Leave the pictures out, and repeat exactly each line from the one that holds "2708 Dixie Road" through the final line of the entries below.

**Data extract**
○ ○ ○ ○ ○
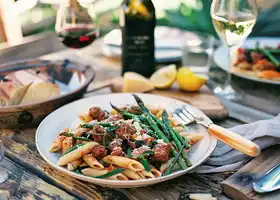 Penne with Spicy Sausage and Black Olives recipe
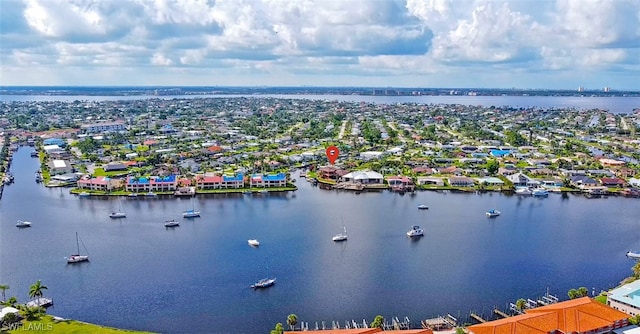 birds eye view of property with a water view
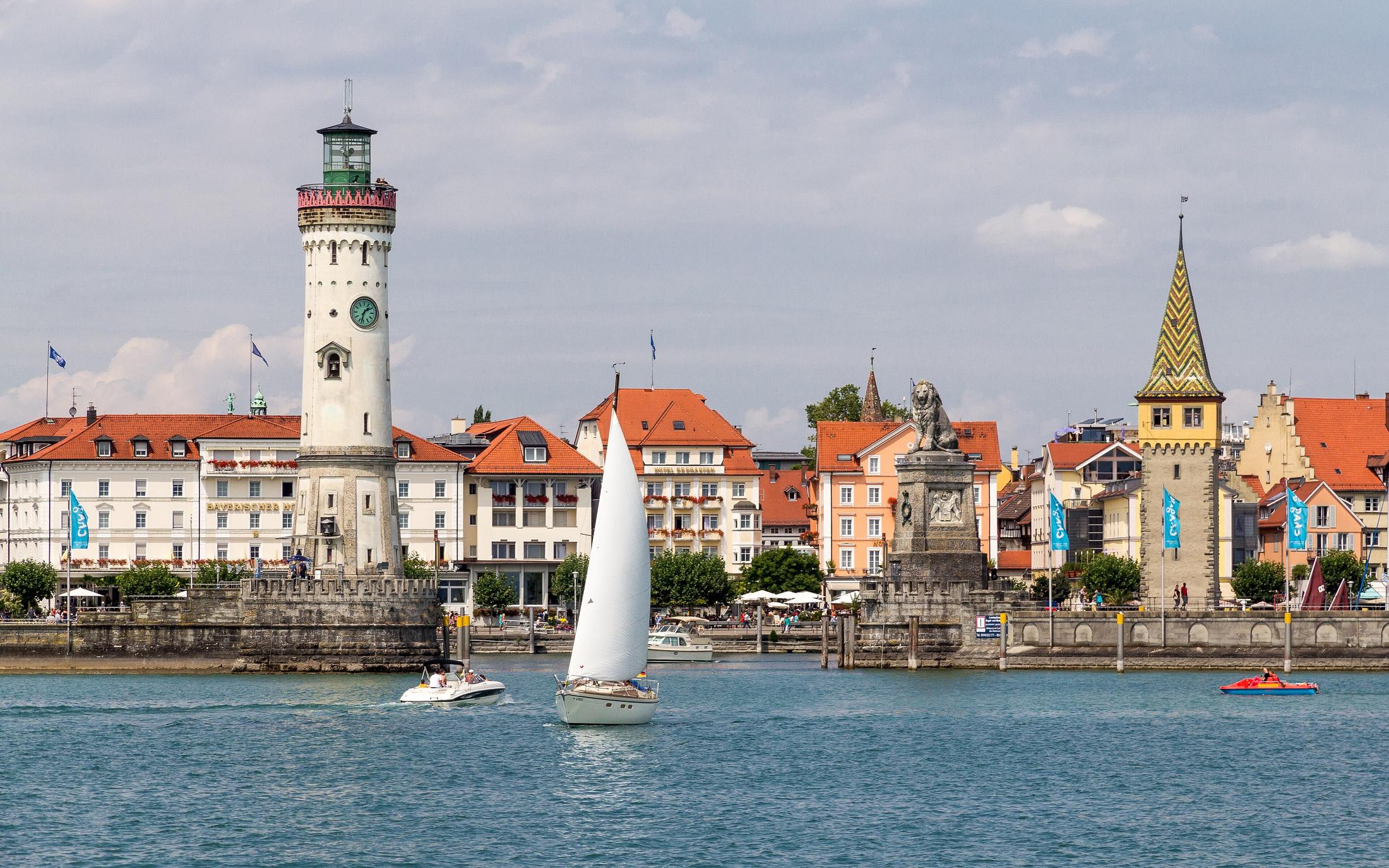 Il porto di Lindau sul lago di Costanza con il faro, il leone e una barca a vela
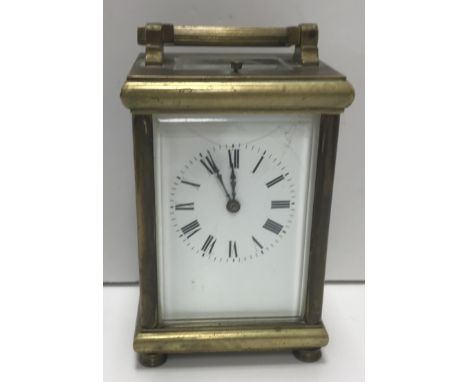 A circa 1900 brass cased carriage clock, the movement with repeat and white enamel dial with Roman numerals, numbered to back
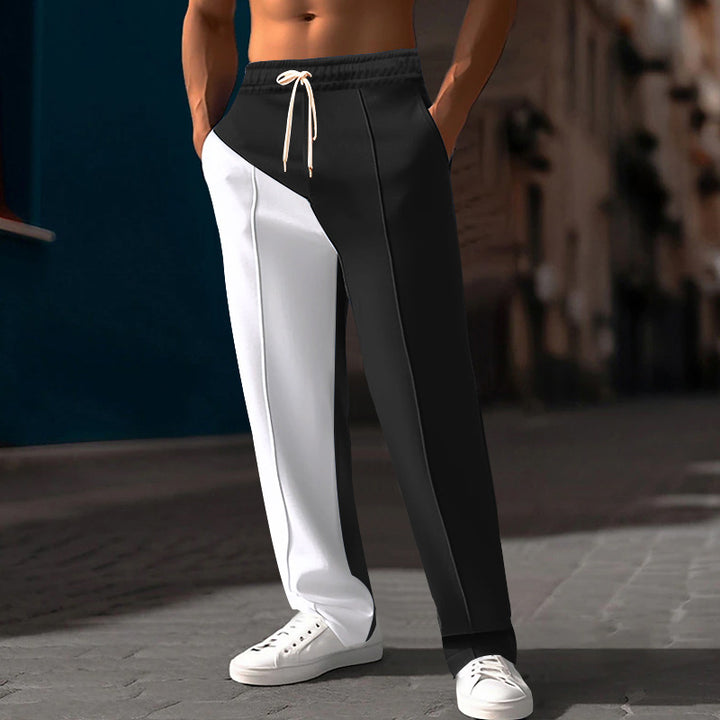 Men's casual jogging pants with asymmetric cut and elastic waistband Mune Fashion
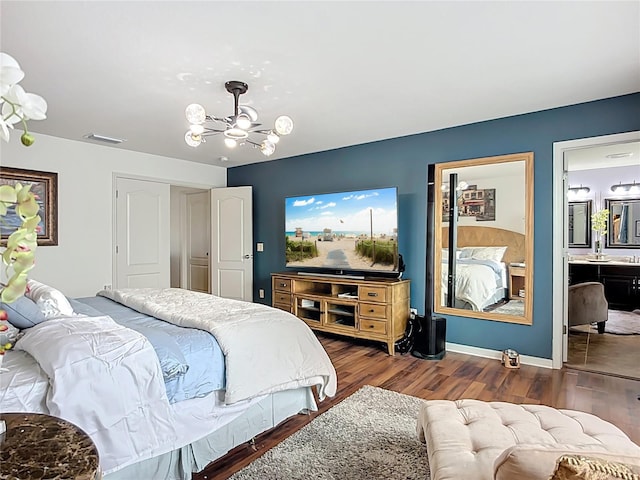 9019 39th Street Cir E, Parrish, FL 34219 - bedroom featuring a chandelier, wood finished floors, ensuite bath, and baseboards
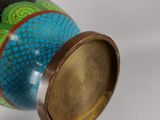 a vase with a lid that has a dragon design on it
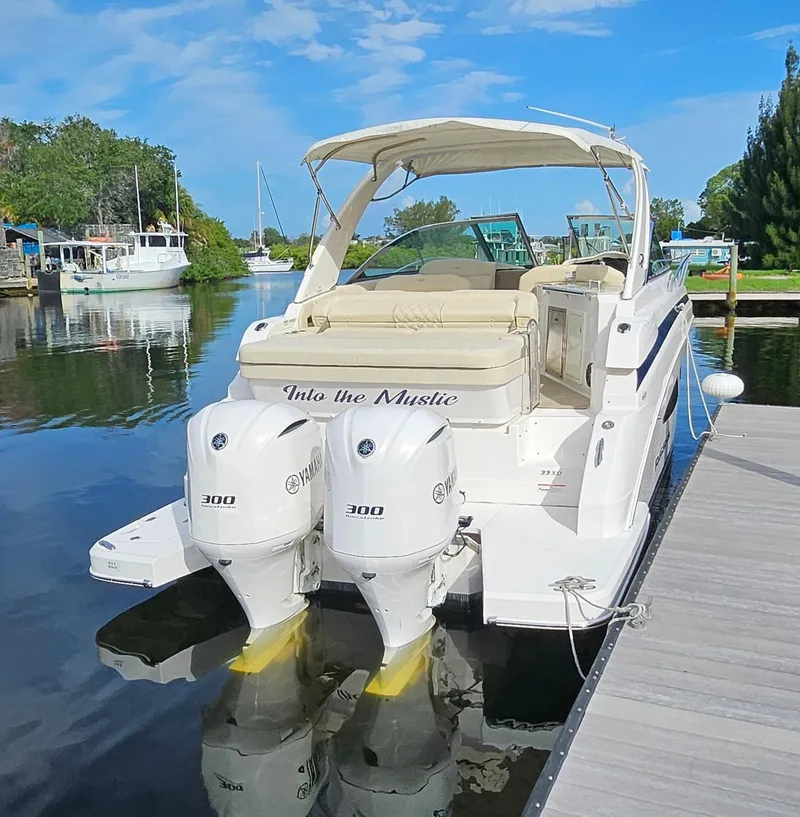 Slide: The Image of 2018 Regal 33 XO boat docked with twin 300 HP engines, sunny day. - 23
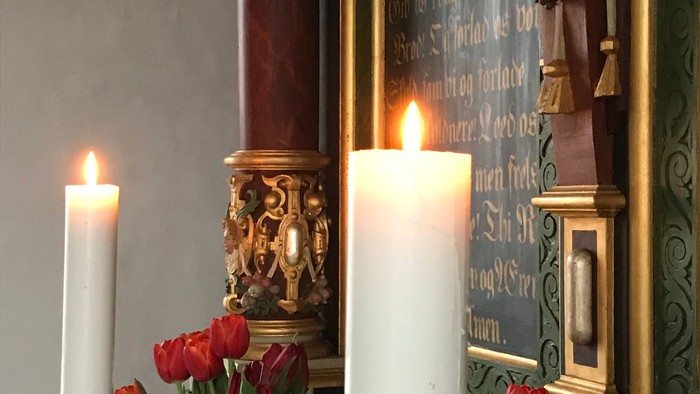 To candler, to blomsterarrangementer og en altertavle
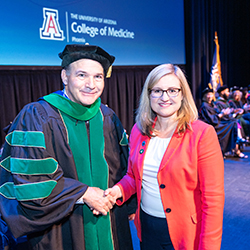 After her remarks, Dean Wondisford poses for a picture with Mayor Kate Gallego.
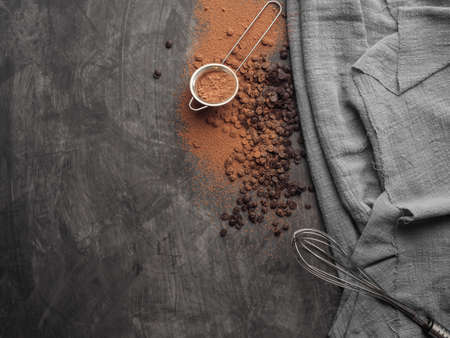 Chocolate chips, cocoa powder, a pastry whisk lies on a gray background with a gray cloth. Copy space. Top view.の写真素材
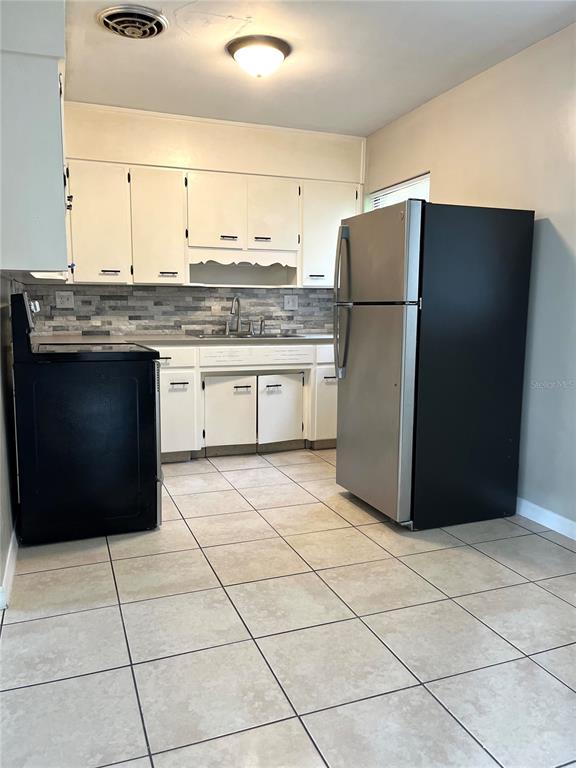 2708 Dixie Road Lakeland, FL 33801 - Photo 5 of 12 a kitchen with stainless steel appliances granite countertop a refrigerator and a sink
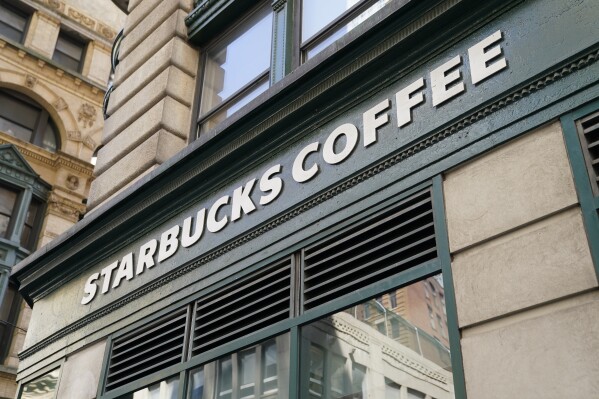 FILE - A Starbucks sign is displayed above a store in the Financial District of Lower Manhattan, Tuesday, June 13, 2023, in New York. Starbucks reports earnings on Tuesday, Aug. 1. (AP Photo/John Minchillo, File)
○ ○ ○ ○ ○
**Result**
 2708 Dixie Road Lakeland, FL 33801 - Photo 5 of 12 a kitchen with stainless steel appliances granite countertop a refrigerator and a sink
 FILE - A Starbucks sign is displayed above a store in the Financial District of Lower Manhattan, Tuesday, June 13, 2023, in New York. Starbucks reports earnings on Tuesday, Aug. 1. (AP Photo/John Minchillo, File)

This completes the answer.